• Exercise directions:
Exactly the lines from the line that has "Worksop, Nottinghamshire, S80 1ES" through the final line below are to be retyped, and the pictures are not.

━━━ Available records ━━━

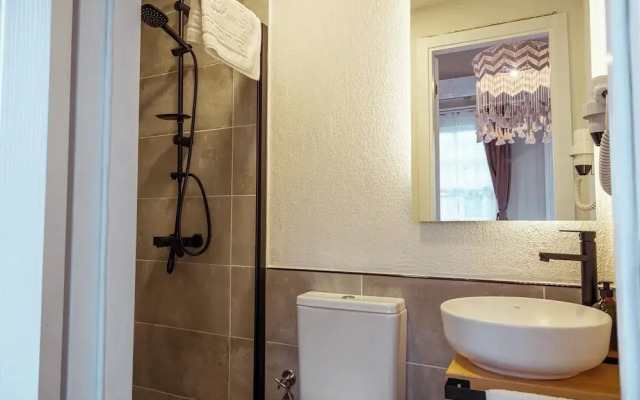 Ivy Ayvalik café & bar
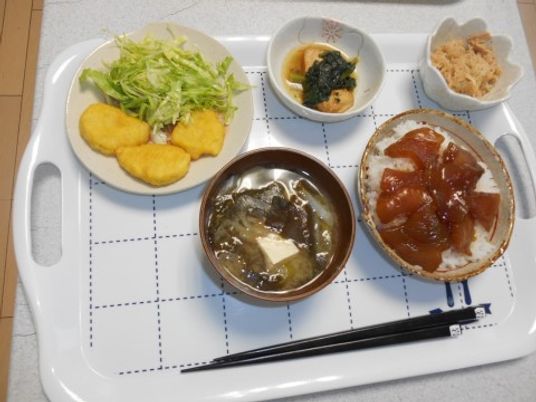 和風の食事セット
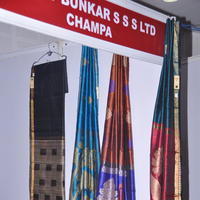 Governor wife Vimala Narasimhan launches silk mark expo photos | Picture 590316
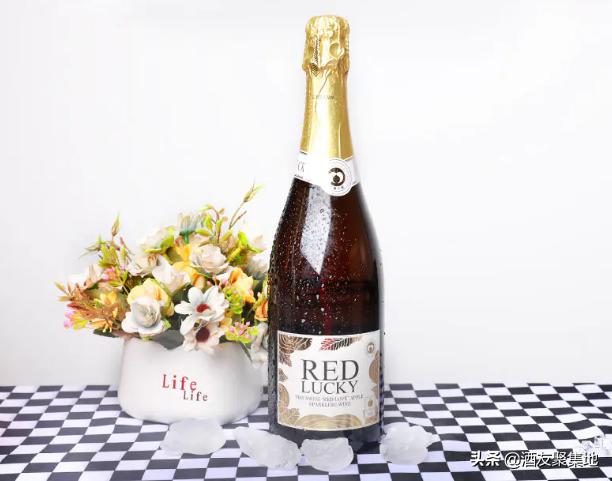 起泡酒的正确喝法,打开起泡酒的正确方法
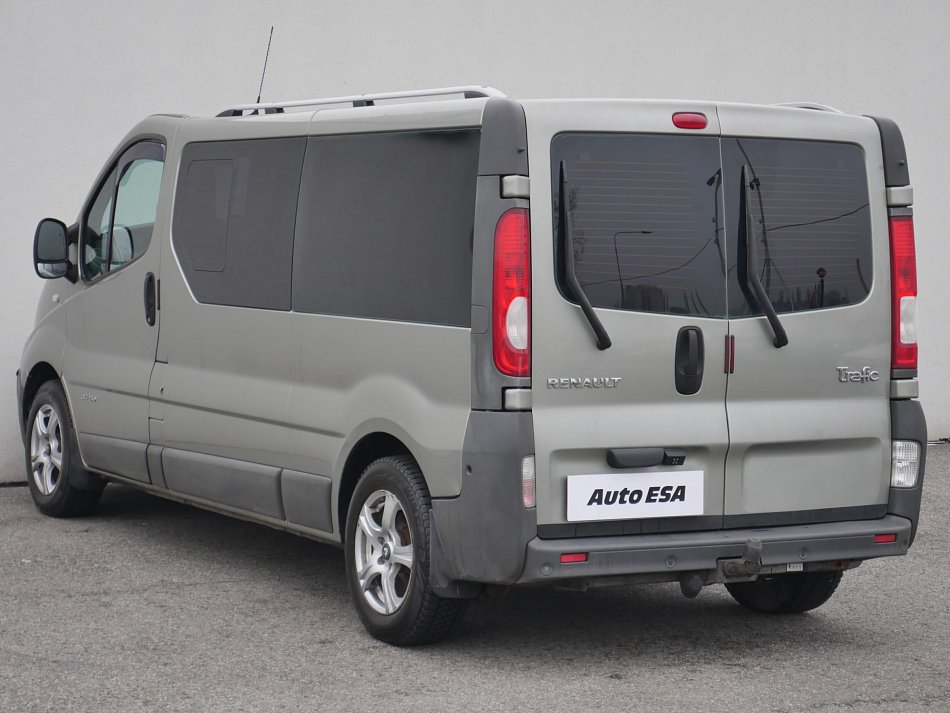 Renault Trafic 2.5dCi Passenger L2 9míst
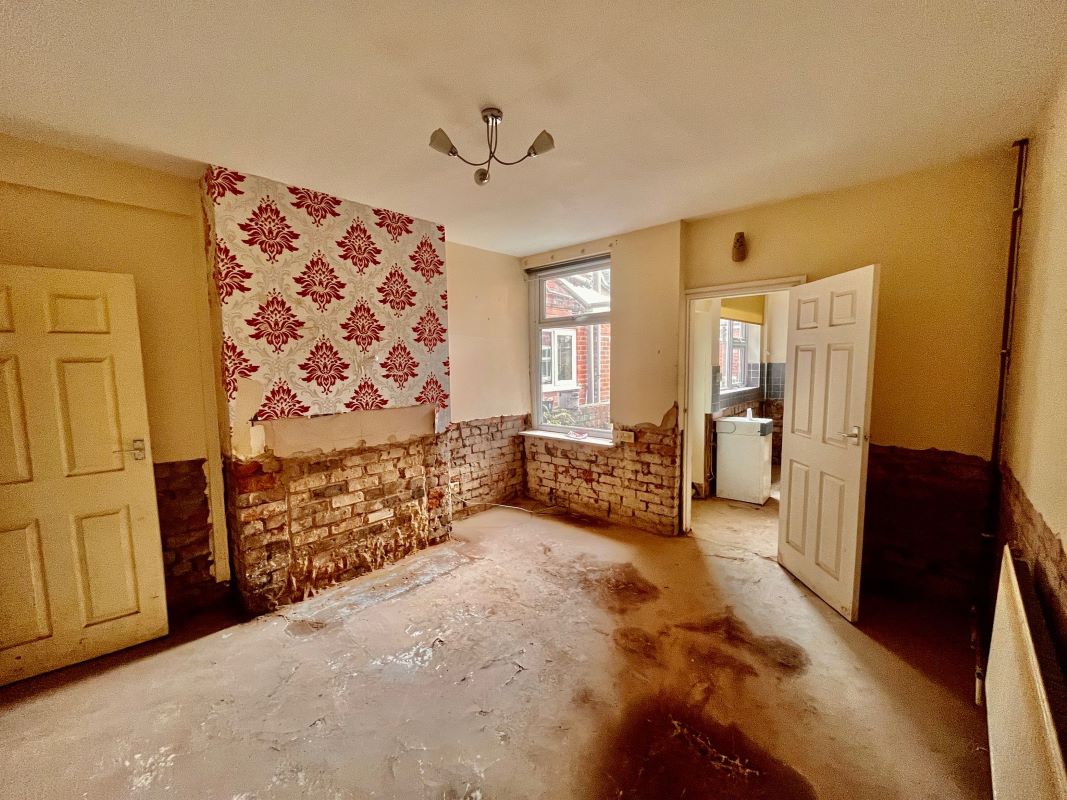 Worksop, Nottinghamshire, S80 1ES - Online Auctions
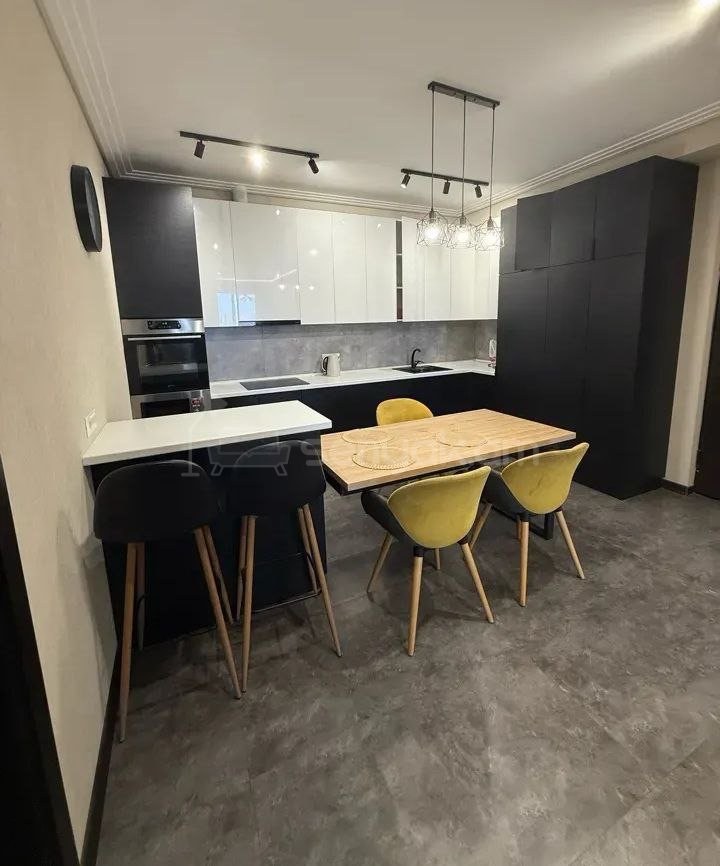 2 Սենյականոց Բնակարան Նորակառույցում, 65քմ, 12/17 հարկ, Դիզայներական Վերանորոգված, Կահավորված, Արևկող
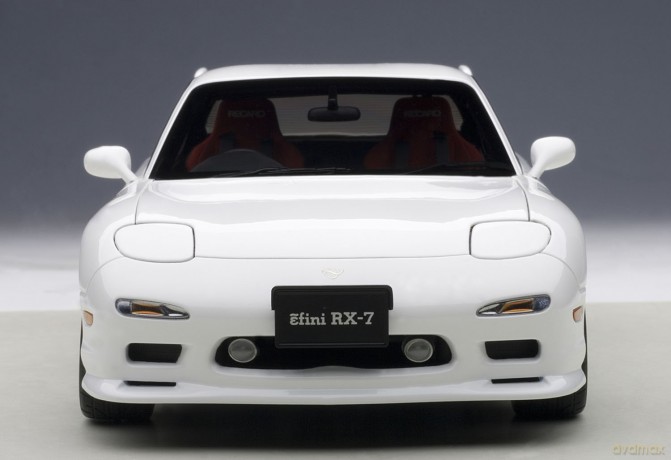 AUTOART Mazda Efini RX7(FD) Tuned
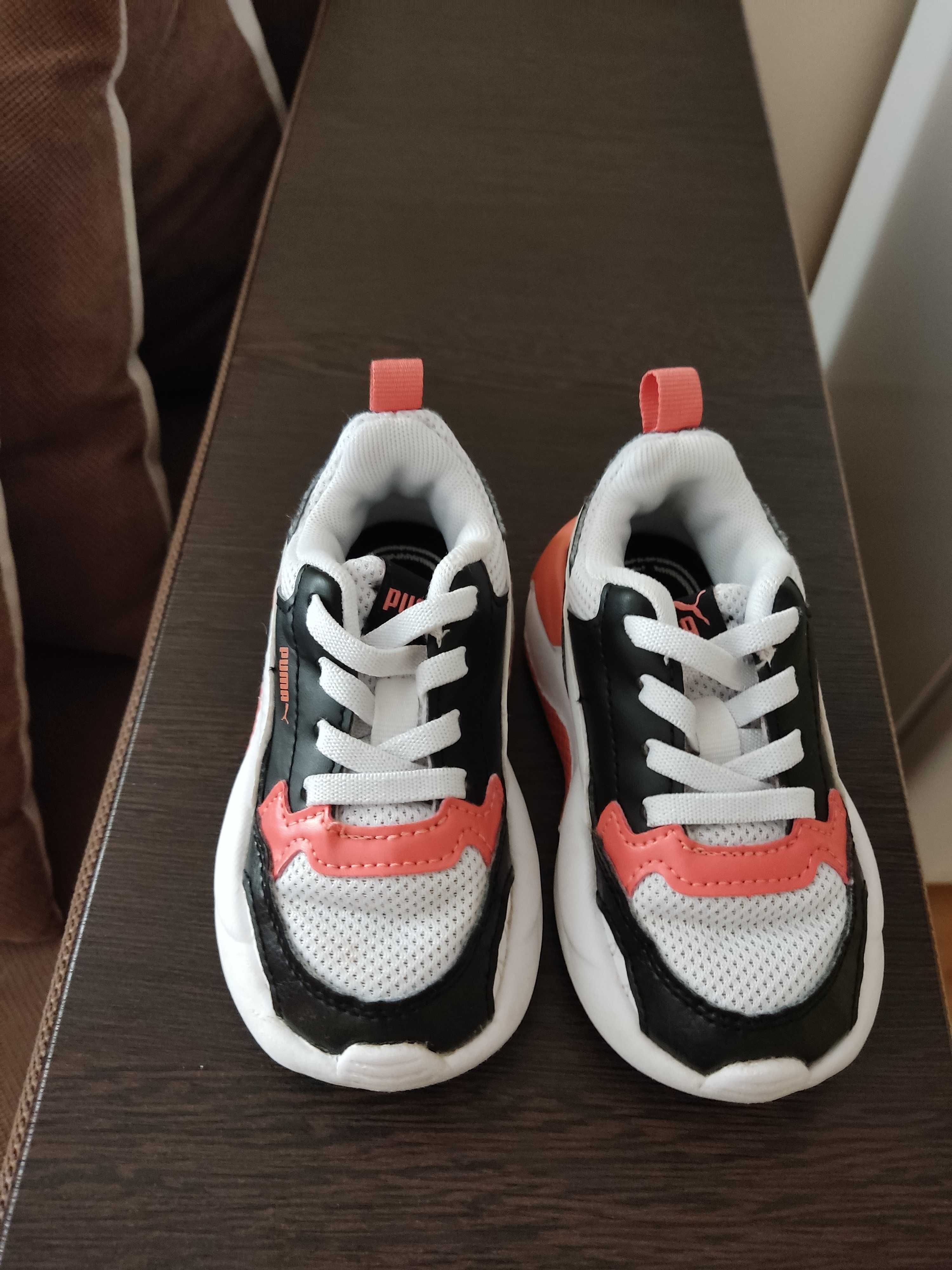 Маратонки за момиченце Puma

━━━

• Result for this exercise:
 Worksop, Nottinghamshire, S80 1ES - Online Auctions
 2 Սենյականոց Բնակարան Նորակառույցում, 65քմ, 12/17 հարկ, Դիզայներական Վերանորոգված, Կահավորված, Արևկող
 AUTOART Mazda Efini RX7(FD) Tuned
 Маратонки за момиченце Puma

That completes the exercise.